Halk arasında bilinen adıyla topuk dikeninin tıbbi literatürde plantar fasciitis olarak adlandırılan ve temel olarak ayak tabanını kaplayan ve topuk ile parmakları birleştiren kalın cilt altı bağ dokusunun yangısı olduğunu anlatan Dr.Burak Önvural, “Ayak tabanı yada topuk ağrısının en sık sebeplerinden birisidir.

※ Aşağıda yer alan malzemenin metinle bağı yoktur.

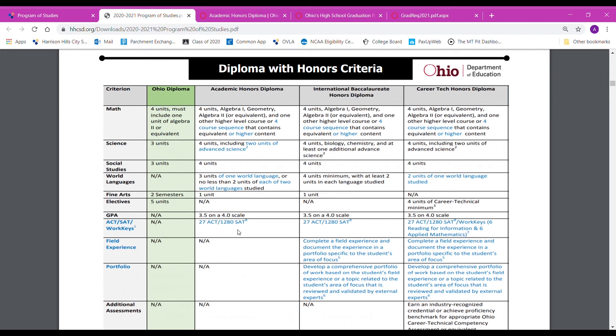A lot of times students are going to miss the 27 on their ACT, or the three units of world language, or the 3.5 GPA. If you have any specific questions on that, you can email me at adoren@hhcsd.org.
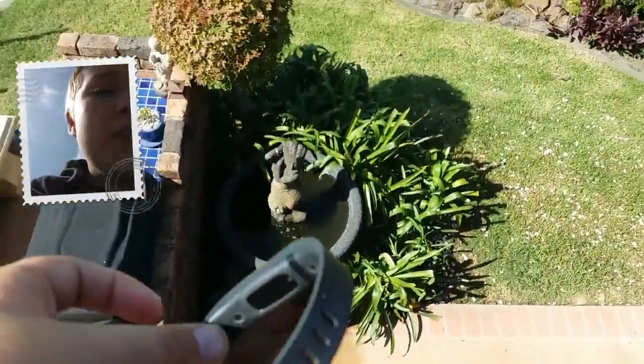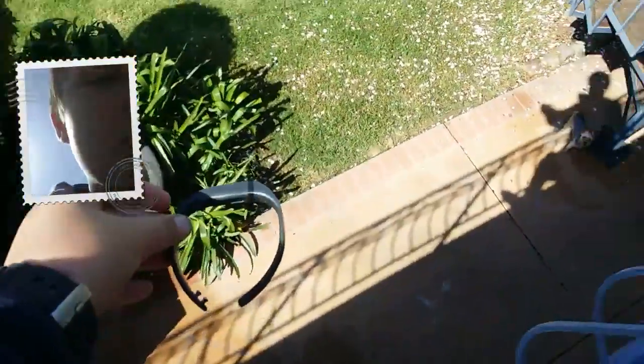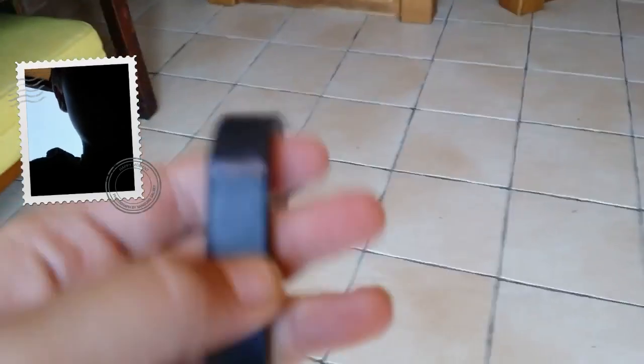First up is the drop test. Let's go down and check it out. Looks fine. Yep, it's fine.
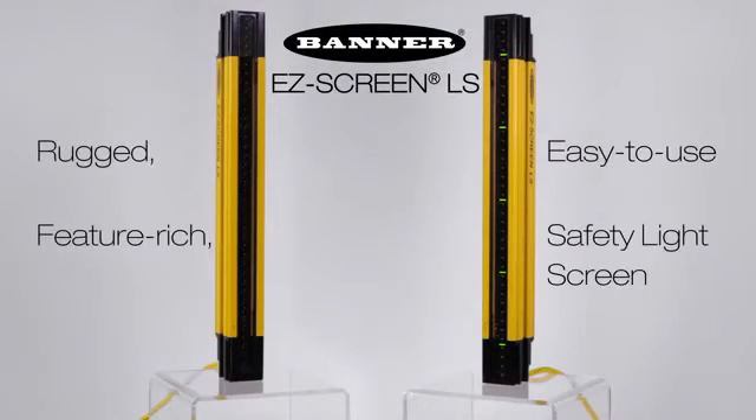Introducing Banner's new EasyScreen LS, the rugged, feature-rich, easy-to-use safety light screen.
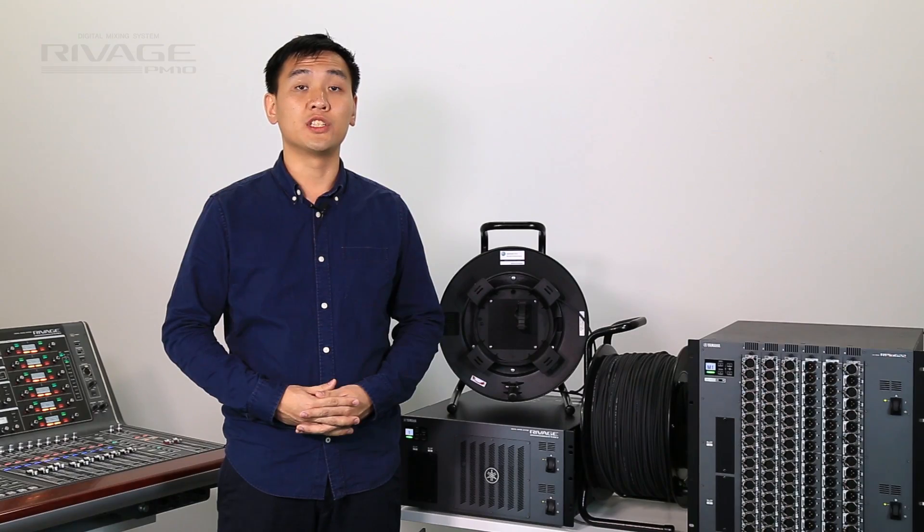I am sure the REVARGE PM10 digital mixing system will be at the forefront of new digital audio networking from Yamaha.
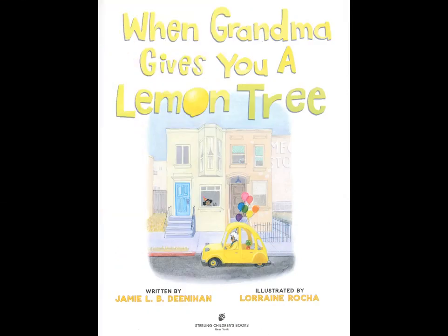When Grandma Gives You a Lemon Tree, written by Jamie L.B. Denahan, illustrated by Lorraine Rocha, published by Sterling Children's Books.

Ağrı bütün ayak tabanına yayılabileceği gibi özellikle topuğun iç kısmında tek bir noktada da yoğunlaşabilir” dedi.
KİMLERDE GÖRÜLÜR?
Dr.Burak Önvural, sürekli ayak üzerinde durmak zorunda olanlarda, yeterli taban desteği olmayan sert ayakkabı giyenlerde, obezlerde, hamilelerde ve menapoz sonrası kadınlarda daha sık görüldüğünü ifade ederek, “Burada asıl sebep ayak tabanındaki yağ dokusundaki incelmeye bağlı artan yüklenmeye ayak tabanının yangı ile cevap vermesi ve bu durumun uzun süre devam etmesidir” dedi.
NASIL TANI KOYULUR?
Dr.Burak Önvural, tanı ve tedavi konusunda ise şunları söyledi: “Esas tanı hastanın şikayetleri üzerine yapılan ayrıntılı bir ayak muayenesi sonrası koyulmakla birlikte röntgen ve MRG de tanıda yardımcı olmaktadır. Özellikle röntgende topuk ucunda ayak tabanı fasyasının uzun süreli yangısına bağlı olarak dikene benzer bir çıkıntı oluşumu bu hastalık için tipik olmakla birlikte özellikle başlangıç evresinde bu olmadan da hastalık olabilmektedir. Topuk dikeni bu hastalığın sebebi değil sonucudur. MRG özellikle ayak tabanı fasyasındaki yangıyı gösterebilmesi açısından daha değerli olmakla birlikte çoğunlukla ihtiyaç duyulmayan bir tanı yöntemidir.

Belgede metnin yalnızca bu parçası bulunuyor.